• **How to complete this task**
None of the pictures should be copied, though every line of the listing must be printed exactly.

• **Material for this exercise**
········

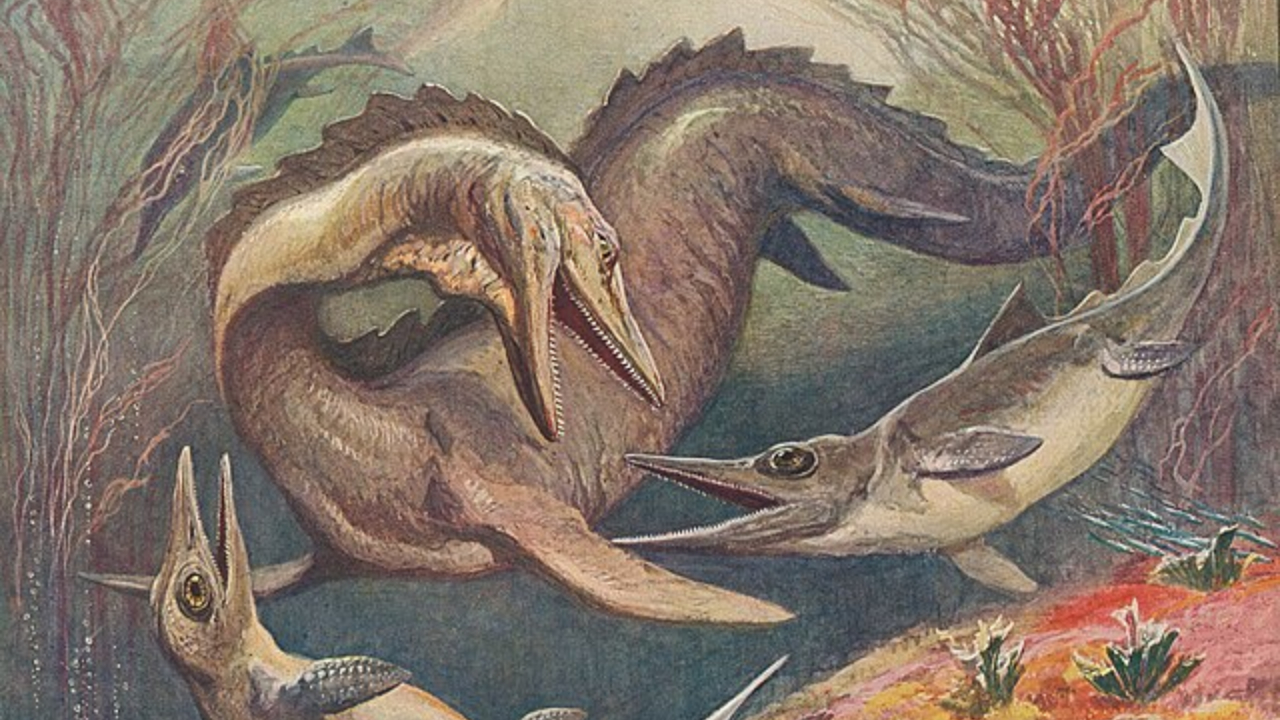 Artistic reconstruction of Mosasaurus hoffmannii emerging from water to capture prey.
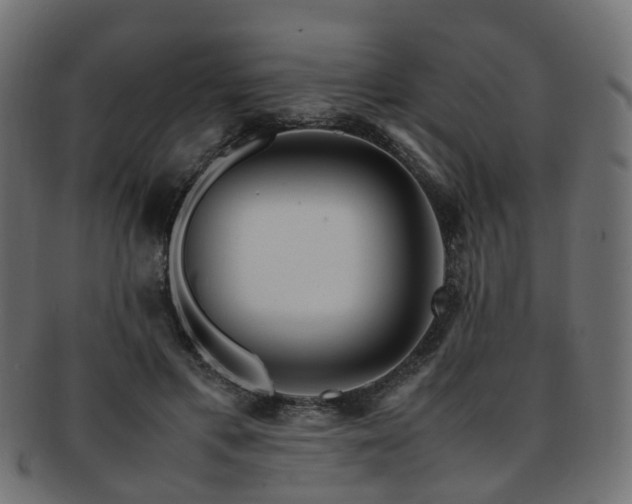 X0000093230597200709261654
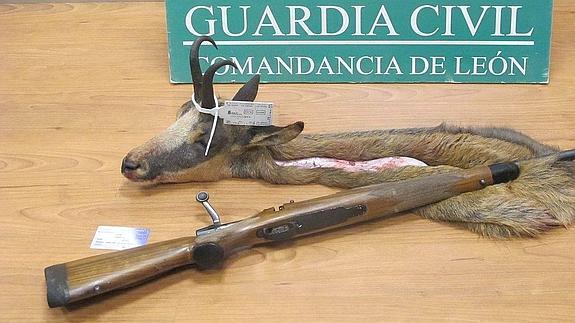 Imagen del animal abatido y del arma incautada a los cazadores.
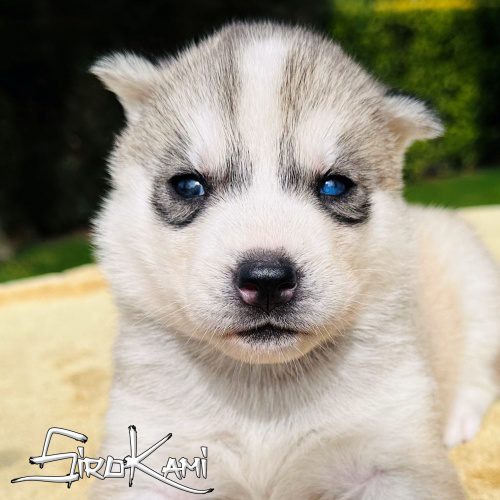 cachorro husky gris ojos diferentes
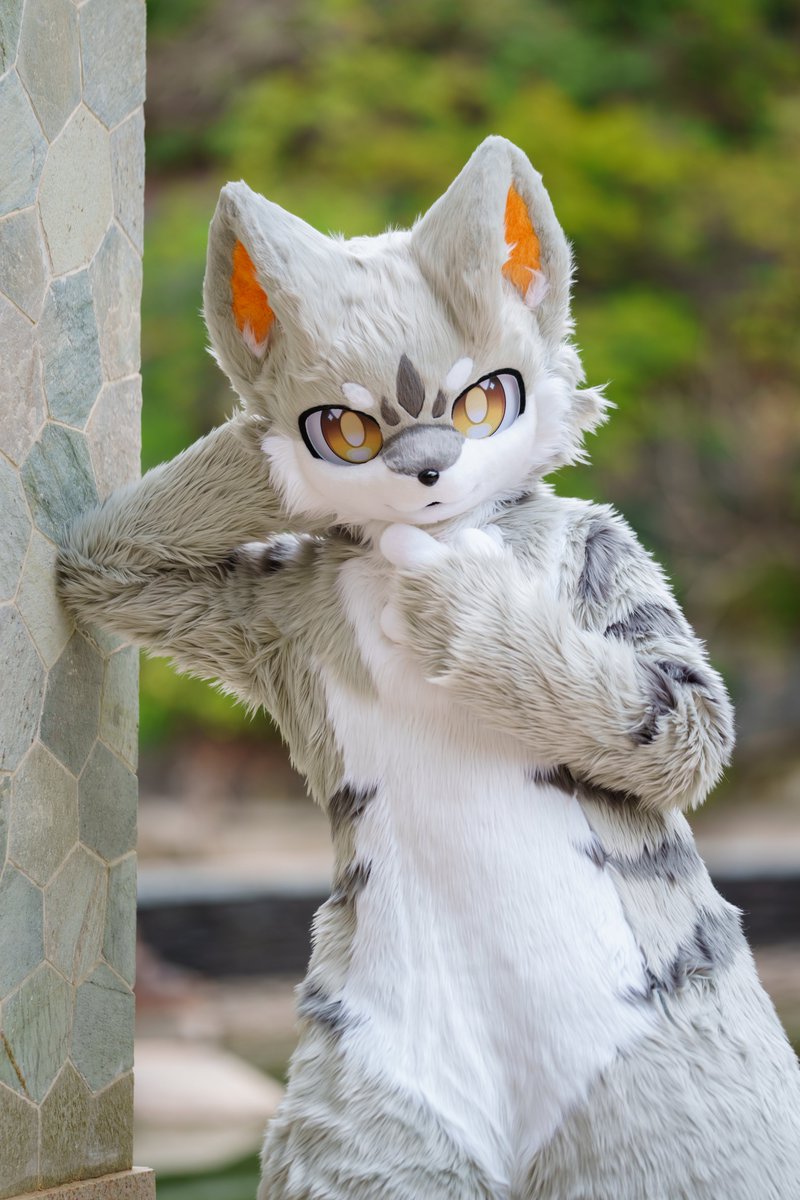 ALKAID_FUR's tweet photo. 【✨ALKAID·全装展示·专】pat.2
元宵家的银渐层小猫🐱

委托：断陌
📷：朔光

#fursuit #furry https://t.co/saZ39RPtKT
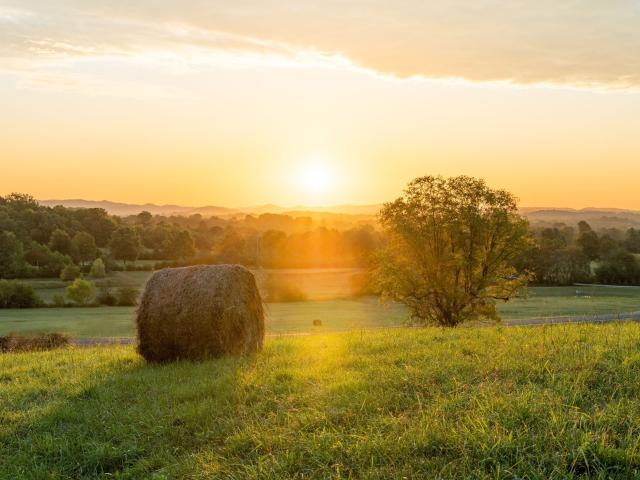 Land for sale in Tennessee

········

• **Response to this task**
 Artistic reconstruction of Mosasaurus hoffmannii emerging from water to capture prey.
 X0000093230597200709261654
 Imagen del animal abatido y del arma incautada a los cazadores.
 cachorro husky gris ojos diferentes
 ALKAID_FUR's tweet photo. 【✨ALKAID·全装展示·专】pat.2
元宵家的银渐层小猫🐱

委托：断陌
📷：朔光

#fursuit #furry https://t.co/saZ39RPtKT
 Land for sale in Tennessee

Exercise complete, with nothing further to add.